┏━━

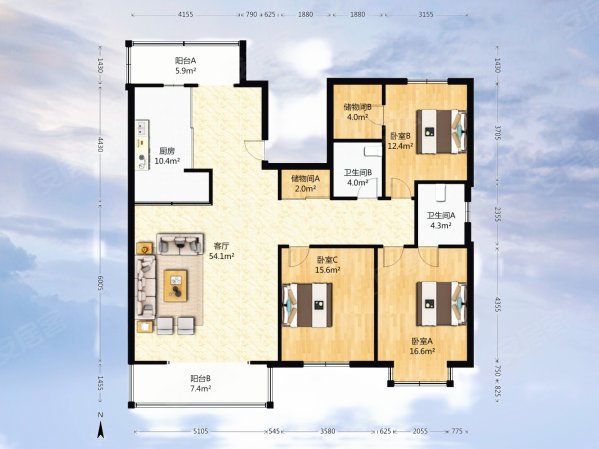 福华里3室2厅2卫165.01㎡南159万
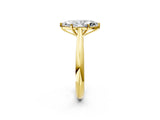 Yellow gold Marquise Cut Diamond Solitaire Engagement Ring with Cathedral Setting and Four-Prong Mount_94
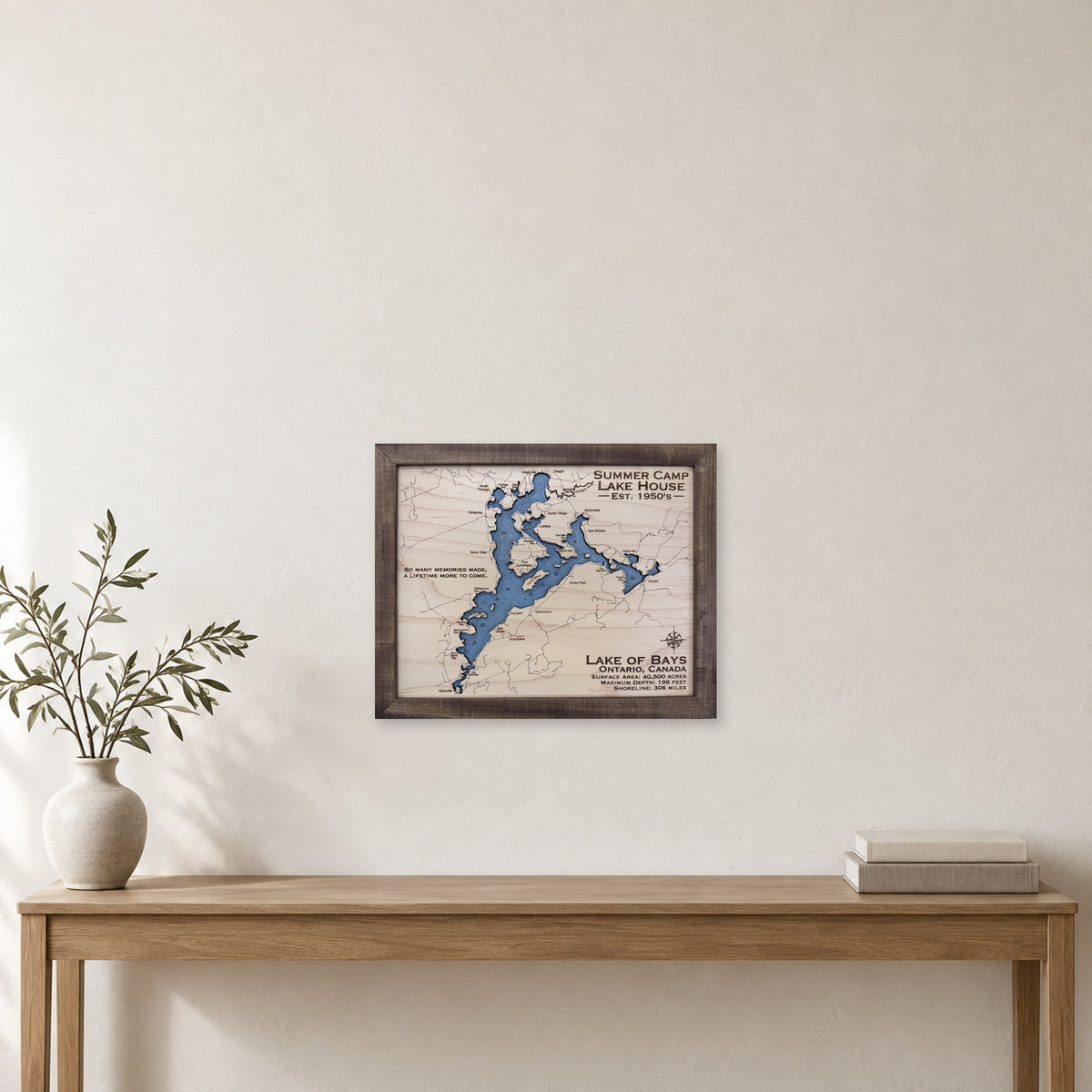 Bays Summer Camp wood map — single layer with engraved contours, staged room mockup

┗━━

Every line above is to be returned exactly, with its pictures removed.

 福华里3室2厅2卫165.01㎡南159万
 Yellow gold Marquise Cut Diamond Solitaire Engagement Ring with Cathedral Setting and Four-Prong Mount_94
 Bays Summer Camp wood map — single layer with engraved contours, staged room mockup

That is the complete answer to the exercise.